6. Mitigation Strategies and Open Research Problems
Targeted interventions from empirical study include:
- Prioritizing structured API output over unstructured sources
- Enhanced prompt design with explicit temporal context and evaluation date
- Task-primed sub-prompts for mechanism/risk depth
Interventions offer measurable (+0.3–0.6) improvements in Depth/Relevance for high-capability models, but must be tuned per agent planner. Persistent challenges include LLM-as-judge score calibration (possibly requiring hybrid pipelines), failure taxonomy extension to finer-grained analyst behaviors, and adapative mitigation selection based on trace and query complexity (Eswaran et al., 11 Feb 2026).
Key open problems:
- Integrating symbolic/taint/code-execution engines for robust cryptanalytic reasoning (Morales et al., 7 May 2026)

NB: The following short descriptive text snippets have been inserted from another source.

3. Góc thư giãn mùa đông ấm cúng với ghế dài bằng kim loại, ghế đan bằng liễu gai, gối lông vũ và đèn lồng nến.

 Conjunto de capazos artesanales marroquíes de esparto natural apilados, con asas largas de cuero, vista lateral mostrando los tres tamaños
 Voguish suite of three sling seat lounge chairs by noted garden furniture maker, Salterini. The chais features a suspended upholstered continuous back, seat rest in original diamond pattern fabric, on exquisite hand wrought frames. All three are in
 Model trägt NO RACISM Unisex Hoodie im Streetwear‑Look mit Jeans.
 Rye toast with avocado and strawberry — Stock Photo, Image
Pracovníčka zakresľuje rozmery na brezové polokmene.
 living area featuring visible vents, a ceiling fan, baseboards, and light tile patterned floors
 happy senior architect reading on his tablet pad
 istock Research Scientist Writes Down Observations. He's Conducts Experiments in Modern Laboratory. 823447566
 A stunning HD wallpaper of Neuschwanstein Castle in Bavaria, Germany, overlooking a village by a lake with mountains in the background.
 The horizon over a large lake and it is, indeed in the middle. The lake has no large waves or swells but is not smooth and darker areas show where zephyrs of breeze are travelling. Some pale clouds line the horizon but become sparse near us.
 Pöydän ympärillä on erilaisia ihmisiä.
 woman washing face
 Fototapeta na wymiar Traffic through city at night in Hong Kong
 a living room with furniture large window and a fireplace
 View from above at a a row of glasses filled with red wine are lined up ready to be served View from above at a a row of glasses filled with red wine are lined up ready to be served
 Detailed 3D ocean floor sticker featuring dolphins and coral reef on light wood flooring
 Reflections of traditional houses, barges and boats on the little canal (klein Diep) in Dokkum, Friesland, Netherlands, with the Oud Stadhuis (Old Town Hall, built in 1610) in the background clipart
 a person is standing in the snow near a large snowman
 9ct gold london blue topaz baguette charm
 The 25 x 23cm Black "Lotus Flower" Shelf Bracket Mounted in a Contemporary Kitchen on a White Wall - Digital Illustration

- Extending benchmarks to richer property classes (e.g., constant-time, side-channel, equivalence)
- Agent framework development for complex exploit chaining and multi-agent compositionality (Wang et al., 13 Jul 2025)
- Domain transfer to legal/scientific/enterprise analyst tasks at scale
7. Impact and Outlook
CryptoAnalystBench establishes new state-of-the-art for evaluating LLMs in domains with dense, volatile, and highly structured information requirements. It surfaces systemic inadequacies in temporal reasoning, data multi-source reconciliation, prediction under uncertainty, and low-level, symbolic correctness. The released datasets, harnesses, failure taxonomies, and evaluation infrastructure define clear, reproducible targets for next-generation research in analyst agents, cryptanalytic AI, and industrial-grade formal verification (Eswaran et al., 11 Feb 2026, Guo et al., 29 Nov 2025, Morales et al., 7 May 2026, Wang et al., 13 Jul 2025, Guo et al., 2024, Rao et al., 15 Mar 2026).